The lost Jedi


Like a TIE Fighter making the jump to light speed, the new Ofsted corporate strategy plan has blasted into the edu-stratosphere. The old strategy – whatever it was – has been erased and replaced by this sleek new document that is, I suppose, intended to be a physical manifestation of the ‘new hope’ crusade led by Sean Harford and Amanda Spielman. They are education’s answer to Obi-Wan and Luke Skywalker (or the Emperor and Darth Vader according to your point of view).

Bits of it even read like a job-description for a Jedi Knight: All Padawans considering application must be guided by the principle that they are a force for improvement and enjoy wearing brown cloaks. The ability to lift sunken spacecrafts out of lakes is desirable but not essential.

It’s one-page summary is a punchy affair. For example, Ofsted’s strategic approach can be described in just three words: Intelligent, Responsible and Focused.  BOOM! Got that? Ofsted ain’t messing about here boys and girls, these Bothans mean business. And as well as being guided by the magical Ofsted force they’ve got some pretty clear core values too: Independence, Accountability, Transparency, something about kids. These guys are facing into the wind and firing up the light sabres of judgement and nothing’s gonna stop them. I like it. They’ve even got priority workstreams and I haven’t a freakin’ clue what one of those is but I want one in my school development plan and I want it now!

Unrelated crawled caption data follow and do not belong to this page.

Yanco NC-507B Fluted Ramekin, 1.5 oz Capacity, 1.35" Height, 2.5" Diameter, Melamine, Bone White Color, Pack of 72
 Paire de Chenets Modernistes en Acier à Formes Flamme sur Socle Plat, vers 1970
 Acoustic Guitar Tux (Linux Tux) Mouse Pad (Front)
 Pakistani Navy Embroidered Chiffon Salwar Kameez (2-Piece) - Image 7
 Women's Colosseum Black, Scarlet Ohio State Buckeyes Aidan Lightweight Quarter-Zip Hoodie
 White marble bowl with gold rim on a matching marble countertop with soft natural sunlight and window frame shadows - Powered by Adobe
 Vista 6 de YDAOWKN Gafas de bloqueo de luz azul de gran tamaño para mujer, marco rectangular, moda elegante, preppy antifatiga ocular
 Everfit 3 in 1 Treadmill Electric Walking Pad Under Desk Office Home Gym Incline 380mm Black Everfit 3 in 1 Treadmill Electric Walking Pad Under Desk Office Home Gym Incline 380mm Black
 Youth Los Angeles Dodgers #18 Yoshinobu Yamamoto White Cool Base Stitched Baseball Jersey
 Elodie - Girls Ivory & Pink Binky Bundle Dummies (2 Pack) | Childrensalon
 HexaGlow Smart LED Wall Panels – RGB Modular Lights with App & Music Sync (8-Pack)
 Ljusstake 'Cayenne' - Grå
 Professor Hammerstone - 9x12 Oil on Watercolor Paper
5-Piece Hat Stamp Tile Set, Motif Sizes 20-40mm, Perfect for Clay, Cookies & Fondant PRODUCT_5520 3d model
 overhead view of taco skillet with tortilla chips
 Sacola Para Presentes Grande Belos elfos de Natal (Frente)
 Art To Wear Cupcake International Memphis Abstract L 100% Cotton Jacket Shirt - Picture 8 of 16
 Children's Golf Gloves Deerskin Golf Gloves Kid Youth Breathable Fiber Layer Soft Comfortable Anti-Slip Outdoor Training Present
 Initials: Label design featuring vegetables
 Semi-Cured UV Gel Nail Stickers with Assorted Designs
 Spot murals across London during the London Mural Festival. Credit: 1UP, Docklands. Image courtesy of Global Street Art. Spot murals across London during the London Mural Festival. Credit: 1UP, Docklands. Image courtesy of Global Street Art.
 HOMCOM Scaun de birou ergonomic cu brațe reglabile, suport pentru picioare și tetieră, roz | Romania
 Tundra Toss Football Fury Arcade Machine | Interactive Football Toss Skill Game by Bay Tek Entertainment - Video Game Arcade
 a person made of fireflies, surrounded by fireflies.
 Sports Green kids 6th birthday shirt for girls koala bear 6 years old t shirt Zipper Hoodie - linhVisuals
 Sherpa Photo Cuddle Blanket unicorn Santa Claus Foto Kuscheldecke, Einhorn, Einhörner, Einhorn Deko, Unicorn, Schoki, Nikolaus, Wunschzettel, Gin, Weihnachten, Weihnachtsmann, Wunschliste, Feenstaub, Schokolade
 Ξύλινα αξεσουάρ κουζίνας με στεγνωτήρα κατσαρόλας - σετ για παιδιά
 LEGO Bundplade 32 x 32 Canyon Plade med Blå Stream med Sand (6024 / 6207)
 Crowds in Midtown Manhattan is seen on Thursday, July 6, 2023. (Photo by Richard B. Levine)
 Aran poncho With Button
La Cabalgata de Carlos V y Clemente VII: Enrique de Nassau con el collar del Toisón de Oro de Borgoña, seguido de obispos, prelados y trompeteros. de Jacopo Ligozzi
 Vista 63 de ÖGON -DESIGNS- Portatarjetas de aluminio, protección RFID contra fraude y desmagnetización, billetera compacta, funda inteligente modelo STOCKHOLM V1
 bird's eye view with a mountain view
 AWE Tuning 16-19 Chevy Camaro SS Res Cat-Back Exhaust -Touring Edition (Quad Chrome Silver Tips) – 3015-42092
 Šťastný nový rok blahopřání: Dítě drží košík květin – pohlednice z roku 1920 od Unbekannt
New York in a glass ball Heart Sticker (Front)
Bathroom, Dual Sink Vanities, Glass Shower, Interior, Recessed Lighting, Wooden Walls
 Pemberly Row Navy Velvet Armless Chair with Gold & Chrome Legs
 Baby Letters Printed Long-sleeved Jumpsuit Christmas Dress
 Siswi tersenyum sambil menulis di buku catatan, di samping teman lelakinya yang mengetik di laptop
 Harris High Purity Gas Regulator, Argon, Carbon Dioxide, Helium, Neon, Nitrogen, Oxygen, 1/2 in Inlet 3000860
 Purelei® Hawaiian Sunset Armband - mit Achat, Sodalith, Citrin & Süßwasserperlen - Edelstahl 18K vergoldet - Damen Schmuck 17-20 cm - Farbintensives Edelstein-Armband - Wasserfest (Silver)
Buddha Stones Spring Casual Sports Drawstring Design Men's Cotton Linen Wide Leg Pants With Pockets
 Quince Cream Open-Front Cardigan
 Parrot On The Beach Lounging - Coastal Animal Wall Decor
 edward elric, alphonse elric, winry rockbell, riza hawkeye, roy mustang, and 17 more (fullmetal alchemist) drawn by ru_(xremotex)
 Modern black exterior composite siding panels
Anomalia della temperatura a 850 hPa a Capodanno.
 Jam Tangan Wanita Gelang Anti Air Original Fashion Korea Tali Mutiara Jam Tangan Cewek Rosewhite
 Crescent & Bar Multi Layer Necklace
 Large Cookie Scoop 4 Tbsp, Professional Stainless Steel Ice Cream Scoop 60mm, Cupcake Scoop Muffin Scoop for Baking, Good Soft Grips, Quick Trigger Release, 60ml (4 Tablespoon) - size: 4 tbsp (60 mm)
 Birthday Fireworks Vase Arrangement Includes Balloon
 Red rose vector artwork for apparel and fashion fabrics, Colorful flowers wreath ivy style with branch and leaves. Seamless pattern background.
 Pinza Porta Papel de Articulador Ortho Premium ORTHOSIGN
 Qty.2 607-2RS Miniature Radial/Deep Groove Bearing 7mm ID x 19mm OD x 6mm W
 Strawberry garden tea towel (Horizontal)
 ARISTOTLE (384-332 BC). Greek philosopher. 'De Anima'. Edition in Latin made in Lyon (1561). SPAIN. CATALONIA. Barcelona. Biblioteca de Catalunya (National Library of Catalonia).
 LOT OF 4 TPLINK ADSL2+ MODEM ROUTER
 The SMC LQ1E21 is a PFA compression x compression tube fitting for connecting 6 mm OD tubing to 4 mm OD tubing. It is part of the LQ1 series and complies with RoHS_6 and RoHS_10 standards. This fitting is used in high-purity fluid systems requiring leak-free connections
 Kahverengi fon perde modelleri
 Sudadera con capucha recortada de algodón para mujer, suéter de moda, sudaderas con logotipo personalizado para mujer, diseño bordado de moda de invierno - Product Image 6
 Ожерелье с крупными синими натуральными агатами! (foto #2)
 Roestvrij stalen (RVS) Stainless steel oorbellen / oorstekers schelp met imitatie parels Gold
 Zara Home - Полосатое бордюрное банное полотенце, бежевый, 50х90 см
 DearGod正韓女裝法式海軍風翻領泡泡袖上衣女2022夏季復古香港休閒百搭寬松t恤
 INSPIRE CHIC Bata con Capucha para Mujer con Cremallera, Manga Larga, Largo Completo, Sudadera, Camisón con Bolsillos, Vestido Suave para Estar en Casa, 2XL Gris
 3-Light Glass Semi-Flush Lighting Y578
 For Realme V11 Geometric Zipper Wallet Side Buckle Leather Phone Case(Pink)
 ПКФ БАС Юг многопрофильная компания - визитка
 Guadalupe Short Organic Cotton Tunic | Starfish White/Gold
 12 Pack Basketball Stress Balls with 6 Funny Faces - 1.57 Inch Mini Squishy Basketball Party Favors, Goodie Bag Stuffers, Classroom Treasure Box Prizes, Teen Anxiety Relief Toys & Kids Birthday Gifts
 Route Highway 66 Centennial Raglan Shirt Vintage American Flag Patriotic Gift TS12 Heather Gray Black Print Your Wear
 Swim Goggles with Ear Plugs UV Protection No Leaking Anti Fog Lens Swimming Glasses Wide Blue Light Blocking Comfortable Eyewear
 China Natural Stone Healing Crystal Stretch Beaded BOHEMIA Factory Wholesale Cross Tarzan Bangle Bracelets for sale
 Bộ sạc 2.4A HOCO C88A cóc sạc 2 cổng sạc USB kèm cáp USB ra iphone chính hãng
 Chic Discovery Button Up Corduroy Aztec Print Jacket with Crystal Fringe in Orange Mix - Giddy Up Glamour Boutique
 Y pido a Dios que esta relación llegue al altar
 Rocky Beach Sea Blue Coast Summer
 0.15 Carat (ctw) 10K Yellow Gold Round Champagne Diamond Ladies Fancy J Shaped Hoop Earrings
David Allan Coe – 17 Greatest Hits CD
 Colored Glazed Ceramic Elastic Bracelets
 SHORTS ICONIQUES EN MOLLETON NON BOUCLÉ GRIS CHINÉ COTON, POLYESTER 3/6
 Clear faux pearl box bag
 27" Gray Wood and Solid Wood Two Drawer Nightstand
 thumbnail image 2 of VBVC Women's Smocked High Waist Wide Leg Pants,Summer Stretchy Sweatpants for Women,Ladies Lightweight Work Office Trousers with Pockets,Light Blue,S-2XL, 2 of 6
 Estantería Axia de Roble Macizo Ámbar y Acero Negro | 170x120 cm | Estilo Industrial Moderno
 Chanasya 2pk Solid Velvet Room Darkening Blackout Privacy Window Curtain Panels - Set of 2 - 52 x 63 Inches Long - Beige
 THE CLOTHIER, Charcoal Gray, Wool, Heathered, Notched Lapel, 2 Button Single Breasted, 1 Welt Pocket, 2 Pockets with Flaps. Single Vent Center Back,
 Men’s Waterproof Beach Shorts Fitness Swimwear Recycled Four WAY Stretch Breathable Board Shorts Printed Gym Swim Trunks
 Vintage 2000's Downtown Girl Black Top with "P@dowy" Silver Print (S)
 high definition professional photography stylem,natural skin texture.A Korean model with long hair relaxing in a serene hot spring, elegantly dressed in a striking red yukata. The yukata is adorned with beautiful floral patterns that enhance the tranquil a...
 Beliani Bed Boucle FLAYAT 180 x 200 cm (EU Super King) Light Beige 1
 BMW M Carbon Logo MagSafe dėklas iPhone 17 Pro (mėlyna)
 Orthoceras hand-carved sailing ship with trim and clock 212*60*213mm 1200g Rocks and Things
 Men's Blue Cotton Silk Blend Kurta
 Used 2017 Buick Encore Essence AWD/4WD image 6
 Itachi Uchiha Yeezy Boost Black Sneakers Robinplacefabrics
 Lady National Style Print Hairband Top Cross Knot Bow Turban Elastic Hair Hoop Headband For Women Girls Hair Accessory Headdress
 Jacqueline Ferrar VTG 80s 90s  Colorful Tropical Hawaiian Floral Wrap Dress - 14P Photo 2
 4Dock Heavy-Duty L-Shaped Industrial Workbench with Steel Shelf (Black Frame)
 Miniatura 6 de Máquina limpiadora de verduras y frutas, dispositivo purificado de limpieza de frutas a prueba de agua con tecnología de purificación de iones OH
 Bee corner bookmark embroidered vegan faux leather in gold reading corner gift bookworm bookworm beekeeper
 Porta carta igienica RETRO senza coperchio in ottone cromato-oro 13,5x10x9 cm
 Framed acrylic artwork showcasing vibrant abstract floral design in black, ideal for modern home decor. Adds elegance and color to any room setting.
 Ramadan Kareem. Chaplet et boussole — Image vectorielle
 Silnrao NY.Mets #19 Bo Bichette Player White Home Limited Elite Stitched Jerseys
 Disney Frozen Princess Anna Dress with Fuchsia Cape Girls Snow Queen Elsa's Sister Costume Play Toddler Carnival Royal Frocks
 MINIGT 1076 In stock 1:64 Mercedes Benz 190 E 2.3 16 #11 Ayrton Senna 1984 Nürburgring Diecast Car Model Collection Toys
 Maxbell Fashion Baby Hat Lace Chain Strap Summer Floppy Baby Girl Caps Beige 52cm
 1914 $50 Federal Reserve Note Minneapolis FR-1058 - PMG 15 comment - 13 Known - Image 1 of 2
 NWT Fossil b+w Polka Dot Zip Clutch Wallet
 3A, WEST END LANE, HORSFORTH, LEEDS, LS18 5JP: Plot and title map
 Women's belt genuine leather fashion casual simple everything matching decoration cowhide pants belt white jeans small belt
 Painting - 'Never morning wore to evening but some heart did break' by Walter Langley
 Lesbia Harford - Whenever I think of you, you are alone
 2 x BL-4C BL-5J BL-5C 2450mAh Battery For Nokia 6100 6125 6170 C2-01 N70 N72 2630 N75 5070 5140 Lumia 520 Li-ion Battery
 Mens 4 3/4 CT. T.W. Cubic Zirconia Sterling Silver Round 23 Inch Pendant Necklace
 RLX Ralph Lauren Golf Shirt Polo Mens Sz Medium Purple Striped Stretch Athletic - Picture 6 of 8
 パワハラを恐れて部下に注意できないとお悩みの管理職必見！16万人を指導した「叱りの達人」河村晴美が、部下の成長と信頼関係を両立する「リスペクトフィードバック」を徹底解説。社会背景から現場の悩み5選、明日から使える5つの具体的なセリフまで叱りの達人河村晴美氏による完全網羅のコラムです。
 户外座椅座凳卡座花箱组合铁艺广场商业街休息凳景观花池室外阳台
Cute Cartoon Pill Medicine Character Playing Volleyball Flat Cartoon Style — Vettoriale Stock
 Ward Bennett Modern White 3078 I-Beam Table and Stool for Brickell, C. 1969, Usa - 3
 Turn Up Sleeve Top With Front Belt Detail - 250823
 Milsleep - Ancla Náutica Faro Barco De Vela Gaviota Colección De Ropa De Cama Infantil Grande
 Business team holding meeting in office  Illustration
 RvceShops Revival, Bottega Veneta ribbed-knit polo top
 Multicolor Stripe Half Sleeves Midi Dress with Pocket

As you explore these streams you see that the strategy plan is a very measured affair. This is a new, broad and balanced Ofsted. Less, ‘a long time ago in a galaxy far away from the real world’ and more, ‘one small step for the educators, one giant leap for the inspectors.’ Ofsted are focusing on their own validity; they want their reports to support as much as they judge. They even want to understand the consequence of their actions whilst championing children at every turn.

This is solid stuff.

Except for the fact that it lacks any solid foundations.

Maybe I’m naïve, but I don’t know what Ofsted are trying to achieve with this strategy. They haven’t thought to state a goal. Oh I know that I’m just a simple-minded headteacher working in the primary sector and that being Ofsted ain’t like dusting crops. But, I always thought having a clear aim was kind of the point of a strategic plan.

Let’s ask a few people a really simple question: What are you up to?

General Tarkin, Death Star commander: Just trying to blow up some planets.

Mothma, the leader of the rebel alliance: Just trying to blow up the Death Star.

Jabba the Hut, fat worm: Just trying to get this bikini clad girl to dance for me.

Princess Leia, one-time chained dancer of Jabba the Hut: Just trying to strangle this misogynistic slug.

Jar-Jar Binks, absolutely no idea: Just trying to destroy a franchise.

Amanda Spielman, Ofsted chief inspector: Just trying to work out some evaluation metrics around our system measures and accountability measures.

Now let me ask YOU a question, dear reader: which one of these answers do you understand the least?

While some of you are still googling ‘evaluation metrics’ let me clarify for everyone else that in the competition for coming up with a succinct goal, Ofsted are trailing behind Jar-Jar Binks! And Ofsted…that’s not cool.

Come on Ofsted, put some light into that sabre. Just tell us what you want to achieve! It can’t be that hard to put into words, surely? I’ll try and help. Feel free to pick from any of the following:

  1. We want all our judgements to be accurate.
  2. We want our advice to improve things for schools when we decide things aren’t good enough.
  3. We want to see better outcomes the year after we’ve visited a school.
  4. We want to see professionals strengthened not crushed.
  5. We want to be welcomed.

I’m sure your strategy plan will help you achieve one, if not all, of these ambitions. And why would you not want to achieve them. They sound pretty good to me. If you could say just one of those things with honesty and integrity you’d be a really positive force for good: raising standards and improving lives.

But without a clear goal, written in large font at the top of your plan, you’re nothing more than a lost Jedi. You wield great power and influence but nobody knows what you want. OK, so we know what you stand for and how you want to go about your business, but, seriously, what is your business? And how will we know when you’ve done it?

I can’t believe you don’t have a single tangible goal that you’re all working on down at Ofsted HQ. I mean, if I don’t put a clear and measurable goal on top of my SDP your Lead Inspector would run me out of space. So why don’t you follow suit? I can’t believe it’s because you don’t want to be judged yourself. So, I’ll put it down to the fact that you couldn’t fit it on your strategy plan without it going over a single page of A4: we’ve all been there. I understand.

But, the truth still remains: I find your lack of goals disturbing.